Adoro a Maga! Acho a Maga Patológica simplesmente um charme, apesar do gênio de cão! Como não se render àquela bruxa lançadora de “tendência”,  montada em seu indefectível pretinho básico, scarpim de saltinho, cabelo de chapinha e longos cílios, o que são aqueles cílios?  Eu me divertia quando ela, fracassando no ardil, se fazia de boazinha para seduzir o velho ranzinza. Na verdade, na verdade, a gente sabe, o que é existe ali é uma grande paixão enrustida. A “Moeda” é mera desculpa para ficarem pertinho um do outro. Dupla do barulho!
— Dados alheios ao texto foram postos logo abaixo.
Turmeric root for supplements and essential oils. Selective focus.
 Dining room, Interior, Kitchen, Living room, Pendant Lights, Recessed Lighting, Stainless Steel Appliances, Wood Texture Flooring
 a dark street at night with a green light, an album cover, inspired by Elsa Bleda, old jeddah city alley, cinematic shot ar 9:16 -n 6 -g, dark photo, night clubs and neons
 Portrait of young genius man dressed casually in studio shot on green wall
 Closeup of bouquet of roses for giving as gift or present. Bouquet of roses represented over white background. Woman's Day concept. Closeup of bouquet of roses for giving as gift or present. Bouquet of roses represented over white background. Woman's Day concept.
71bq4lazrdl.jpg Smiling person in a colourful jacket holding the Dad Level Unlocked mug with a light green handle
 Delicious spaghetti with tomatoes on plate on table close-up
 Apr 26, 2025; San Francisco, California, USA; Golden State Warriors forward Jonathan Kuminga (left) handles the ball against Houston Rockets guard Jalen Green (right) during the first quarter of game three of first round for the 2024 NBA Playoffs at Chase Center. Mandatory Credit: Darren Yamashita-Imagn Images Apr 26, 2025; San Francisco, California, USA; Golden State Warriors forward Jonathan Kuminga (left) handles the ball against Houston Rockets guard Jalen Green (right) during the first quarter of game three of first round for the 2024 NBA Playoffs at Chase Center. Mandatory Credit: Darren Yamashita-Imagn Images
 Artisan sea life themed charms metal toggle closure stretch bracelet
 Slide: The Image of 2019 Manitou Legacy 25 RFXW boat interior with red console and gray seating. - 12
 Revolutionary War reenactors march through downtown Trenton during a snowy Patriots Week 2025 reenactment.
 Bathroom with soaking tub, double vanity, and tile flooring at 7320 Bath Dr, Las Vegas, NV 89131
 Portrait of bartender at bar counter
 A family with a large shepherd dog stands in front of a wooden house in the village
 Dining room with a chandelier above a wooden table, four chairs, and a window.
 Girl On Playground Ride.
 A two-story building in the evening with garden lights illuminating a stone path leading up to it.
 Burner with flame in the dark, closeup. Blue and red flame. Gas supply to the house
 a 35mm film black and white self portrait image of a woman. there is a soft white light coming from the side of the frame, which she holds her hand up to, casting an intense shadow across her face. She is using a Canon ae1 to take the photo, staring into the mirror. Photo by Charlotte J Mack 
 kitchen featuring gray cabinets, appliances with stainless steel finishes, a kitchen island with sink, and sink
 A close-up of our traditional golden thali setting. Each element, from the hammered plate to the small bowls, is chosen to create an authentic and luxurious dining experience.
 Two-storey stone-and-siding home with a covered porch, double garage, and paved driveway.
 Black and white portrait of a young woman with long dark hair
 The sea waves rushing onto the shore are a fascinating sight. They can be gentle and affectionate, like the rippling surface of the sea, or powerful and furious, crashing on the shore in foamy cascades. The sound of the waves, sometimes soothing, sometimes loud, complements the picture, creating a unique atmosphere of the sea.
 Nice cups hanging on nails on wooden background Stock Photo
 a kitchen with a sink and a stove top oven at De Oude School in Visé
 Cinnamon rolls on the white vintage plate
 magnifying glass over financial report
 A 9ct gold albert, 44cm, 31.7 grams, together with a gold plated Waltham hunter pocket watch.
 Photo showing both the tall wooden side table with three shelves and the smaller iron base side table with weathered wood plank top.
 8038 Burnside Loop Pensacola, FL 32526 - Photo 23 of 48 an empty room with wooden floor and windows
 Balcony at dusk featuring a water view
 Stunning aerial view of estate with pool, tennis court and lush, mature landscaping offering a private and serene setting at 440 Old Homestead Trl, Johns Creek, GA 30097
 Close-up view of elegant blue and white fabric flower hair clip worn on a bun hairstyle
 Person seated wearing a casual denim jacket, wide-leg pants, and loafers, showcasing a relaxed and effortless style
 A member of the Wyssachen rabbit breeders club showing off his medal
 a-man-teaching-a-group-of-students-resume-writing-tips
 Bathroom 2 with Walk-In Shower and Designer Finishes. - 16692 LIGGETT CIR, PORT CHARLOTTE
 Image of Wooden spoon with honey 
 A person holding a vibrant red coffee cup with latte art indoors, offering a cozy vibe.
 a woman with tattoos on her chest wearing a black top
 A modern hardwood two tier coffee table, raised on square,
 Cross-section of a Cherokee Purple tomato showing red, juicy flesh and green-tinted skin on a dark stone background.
Líamos muito, apesar de não termos livros em casa. Tínhamos revistas. Muitas revistas. Na casa da vó Chica também tinha revistas, de um tipo que, logo logo,  passei a gostar mais do que os gibis. Minha vó colecionava fotonovelas – Capricho, Sétimo Céu, Ilusão -, e escondia as revistas no balcão da sala de jantar. Falei sobre isso na crônica Os Paninhos da Vó Chica publicada no livro Cenas Urbanas e Outras Nem Tanto:

Eu queria ler, ela dizia que não podia porque tinha “beijo”. Eu insistia, ela me mandava ir brincar. Com a ponta da faca arranjei um jeito de abrir a porta do armário e lia escondido, depois colocava a revista no lugar, exatamente como estava. Aprendi a gostar de romance lendo as revistas da minha vó.

Adulta, passei a colecionar revistas antigas. Mais tarde me tornei jornaleira, mas fui vencida pelos novos tempos e suas tecnologias revolucionárias. De vez em quando me pergunto: em tempos de ipads, tablets e redes sociais, haverá, espaço para pessoas como eu? Dia desses gritei:

Quem gosta de revista levanta a mão!